All this is occurring when Western governments are conducting an immense economic experiment, with vast fiscal stimuli accompanied by monetary expansion. In the medium term, a sharp rise in inflation is a distinct possibility. Government bonds may be offering "return-free risk," in the neat phrase of Jim Grant, a veteran newsletter publisher.
One warning sign is that real bond yields (as measured by the inflation-linked market) have risen. Some believe this move has been driven by expectations of low inflation (or deflation) in coming years. But it may also suggest investors think the long-term fiscal position of many governments is not sustainable.
Indeed, nominal bond yields have also moved higher in recent days. Ominously, an auction by the German government of ten-year bonds on January 7th failed to attract sufficient buyers to raise the full amount targeted. The auction was the second-worst on record.
In the near term, bond yields are constrained because they reflect expectations of the future level of short-term interest rates. The Federal Reserve has pegged official rates at 0-0.25 percent and vowed to keep them low. The Fed has also talked about intervening directly by buying Treasury bonds to hold yields down.
Nor is there any immediate inflationary danger. In both America and Britain there is a chance the headline rate will go negative later this year. Many developed economies are in recession and the consensus expects 2009 to see falling output in America, the euro zone, Britain and Japan.
"Global bond yields are sure to be much higher in five years than they are today, but this does not imply that the market currently is in a bubble," says Martin Barnes of Bank Credit Analyst, a research group. "The economic backdrop will remain bond-friendly for at least the next six months."
This leaves investors with a dilemma. In the short term, they may like government bonds for the security they offer. Treasury bonds outperformed the S&P 500 index by an incredible 53 percentage points last year. But if yields are heading back to 4-5 percent (or even higher) by 2011 or 2012, at what point do they sell? The rational investor would want to get out of the asset class before the herd decides to do so.
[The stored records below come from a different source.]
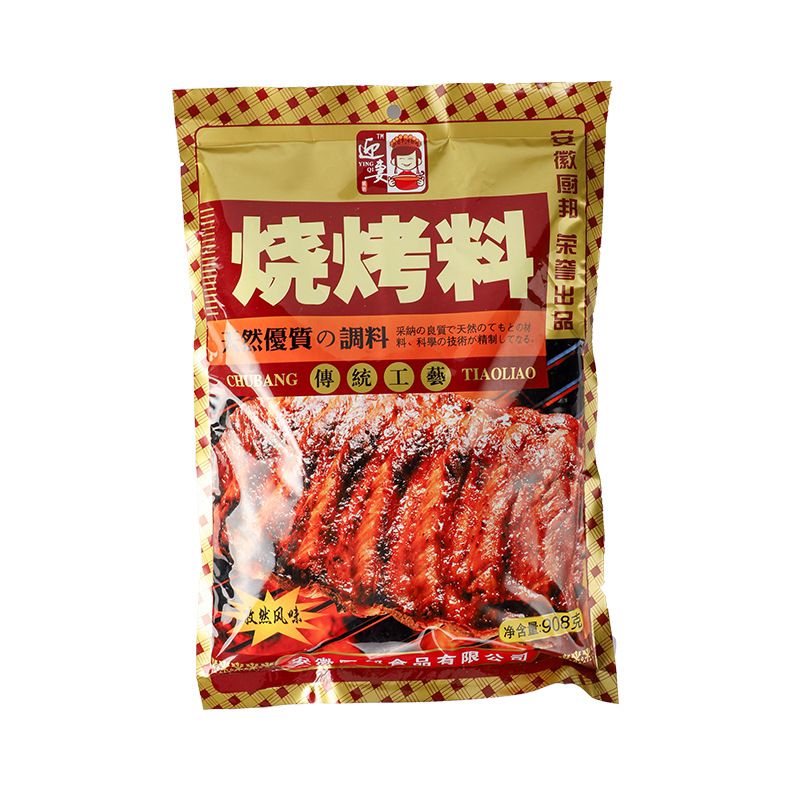 调味品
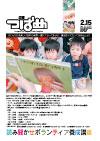 PDF版広報つばめ2007年2月15日号の表紙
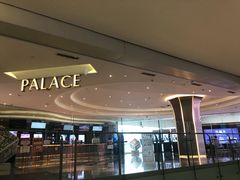 -百丽宫影城(CGS激光苏宁广场店)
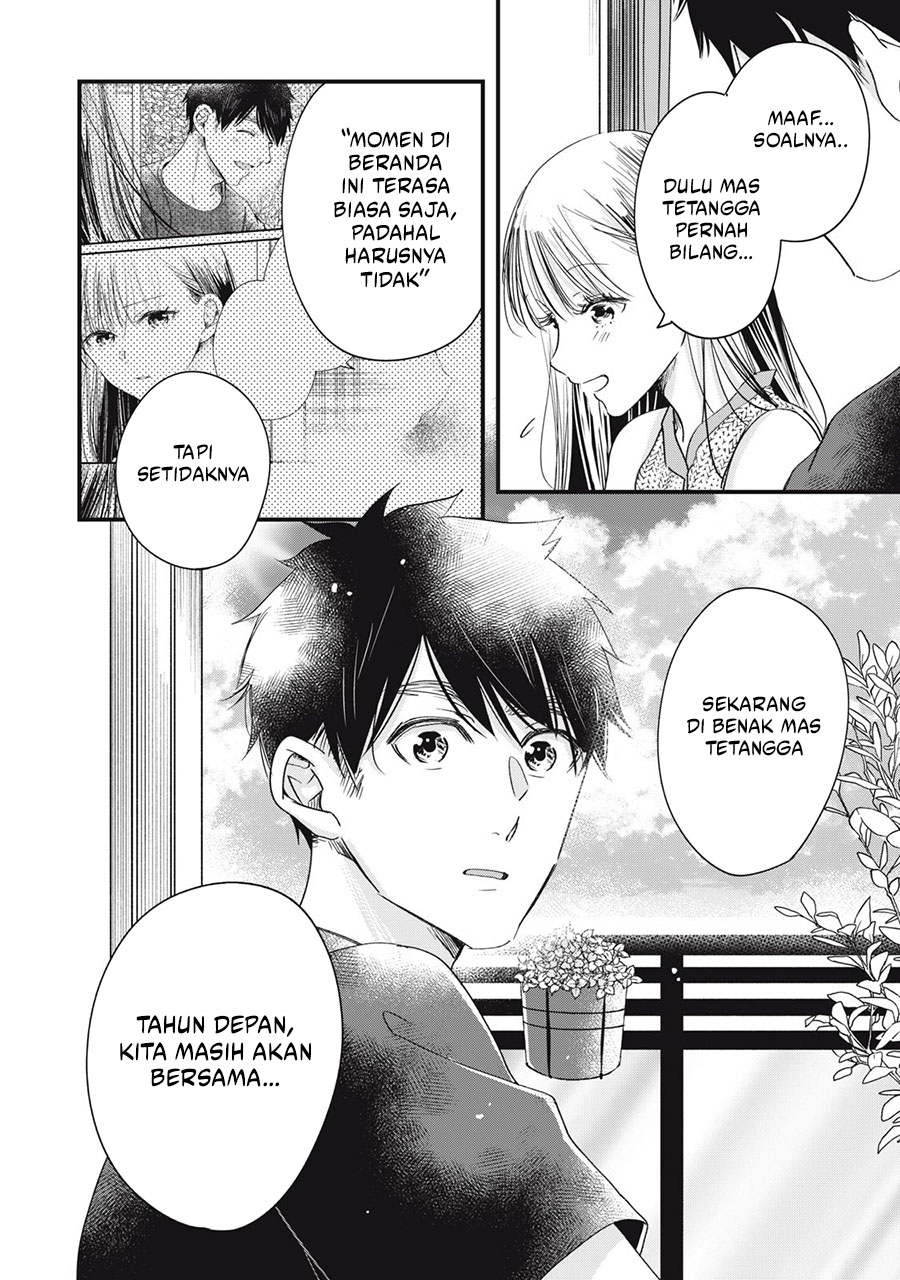 Kyou mo Veranda de Chapter 81 Gambar 10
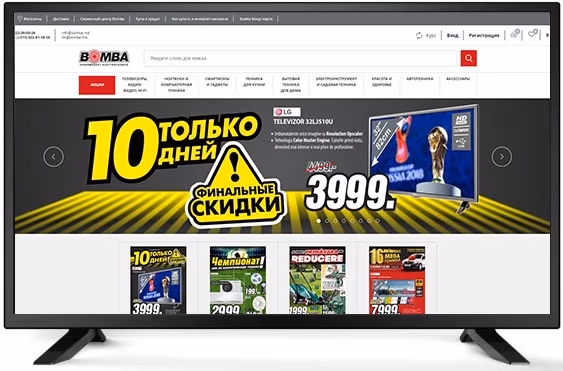 Televizor LED Lustar 28LE17 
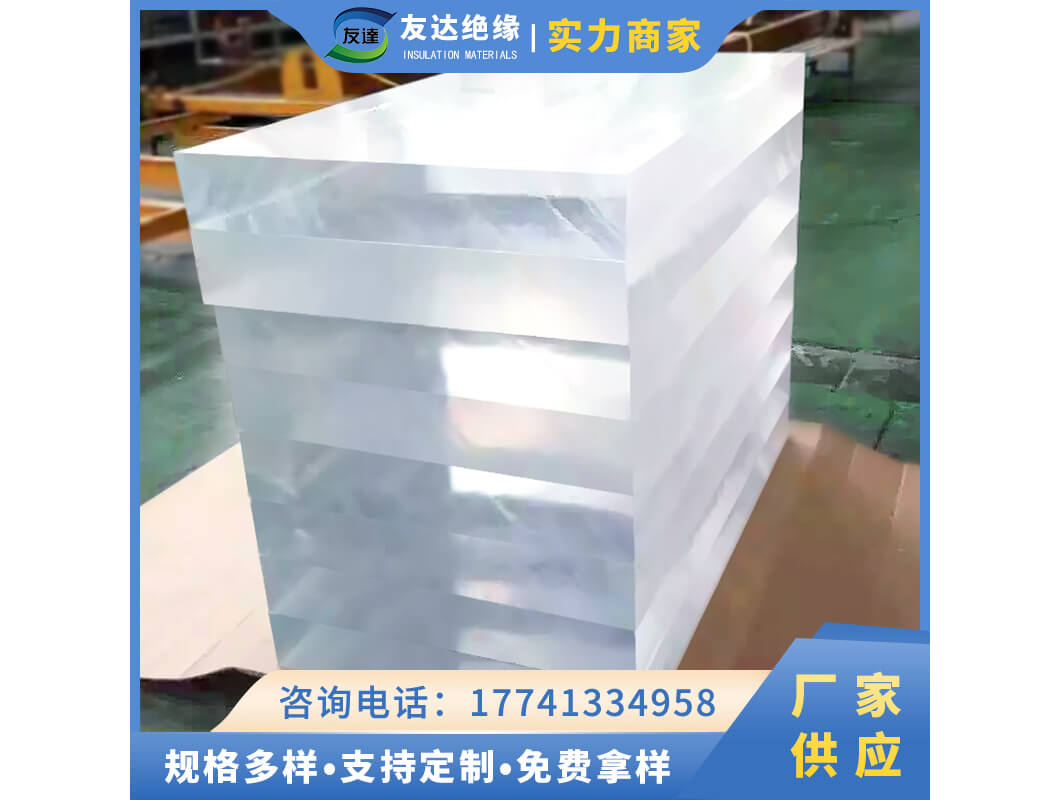 亞克力有機(jī)玻璃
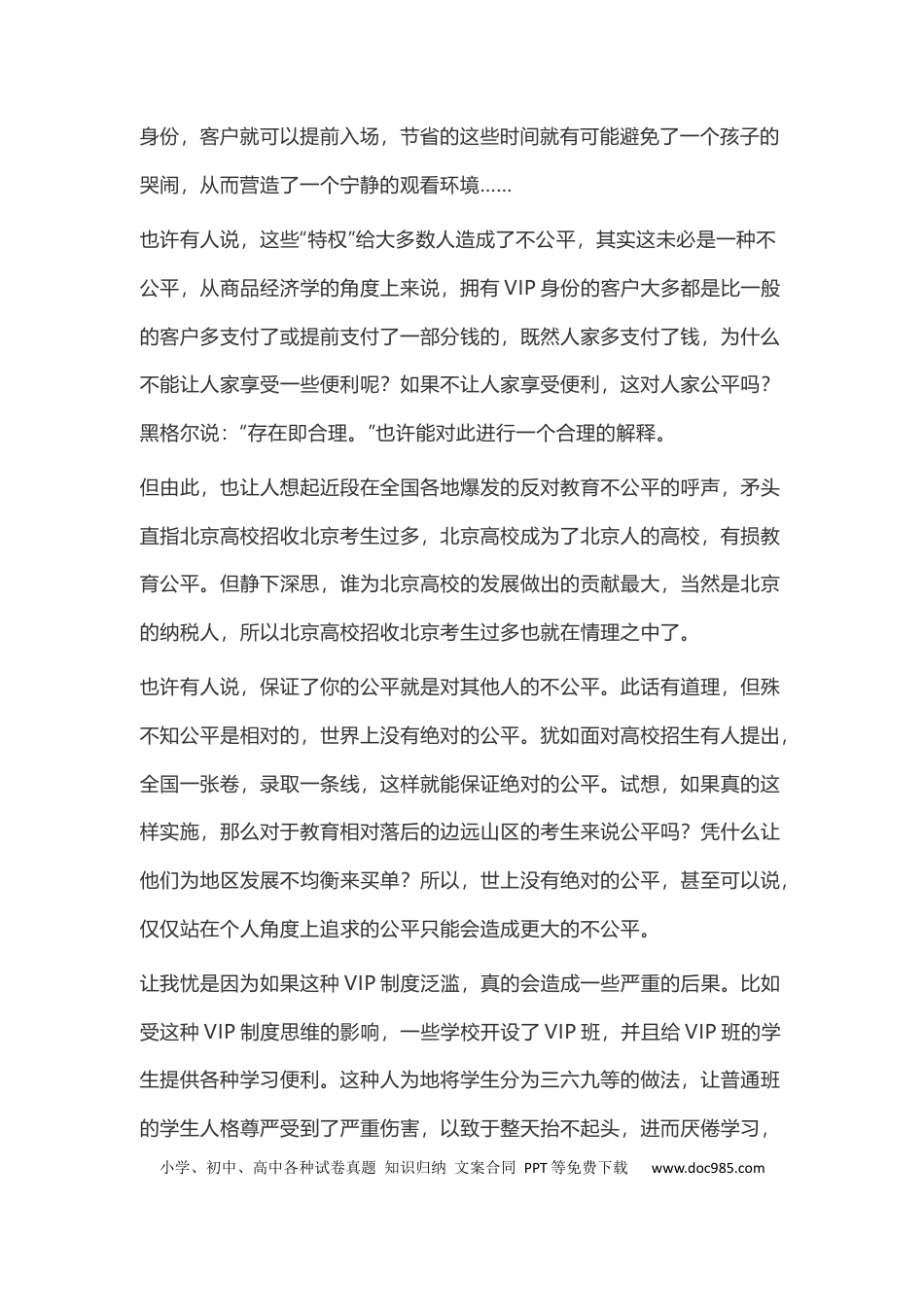 高中语文 作文范文18：议论文写作-社会现象.docx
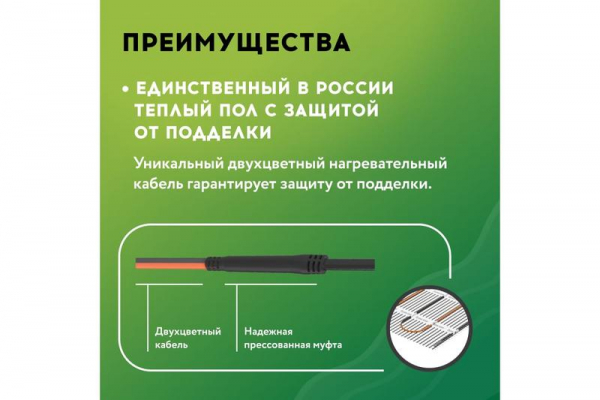 Русское Тепло 2285216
The logical extension of that argument (assuming most investors are rational) is to sell now.
But what if Japan provides the template? Many people thought Japanese bonds were overpriced when yields fell to 1-2 percent in the late 1990s. They have stayed around that level for the past decade, despite a vast amount of issuance (at $8.7 trillion, according to Bloomberg, the Japanese government-bond market is the biggest in the world). Even the expected $2 trillion of American issuance this year will leave its debt well below Japan's.
The crucial difference, however, is that Japan has been running current-account surpluses, not deficits. The Japanese owe the money to themselves whereas the Americans are in debt to foreigners. Such investors could lose twice over: yields could rise and the dollar could depreciate.
For the moment, the balance is maintained by what Nick Carn of Odey, a hedge-fund group, calls "mutually assured destruction." If overseas investors seek to sell their bonds, they will not only ruin the American economy but the value of their existing portfolios as well.
It is a precarious balance. It may well hold through 2009 and even 2010. But at some point, government bonds will surely suffer a horrendous bear market.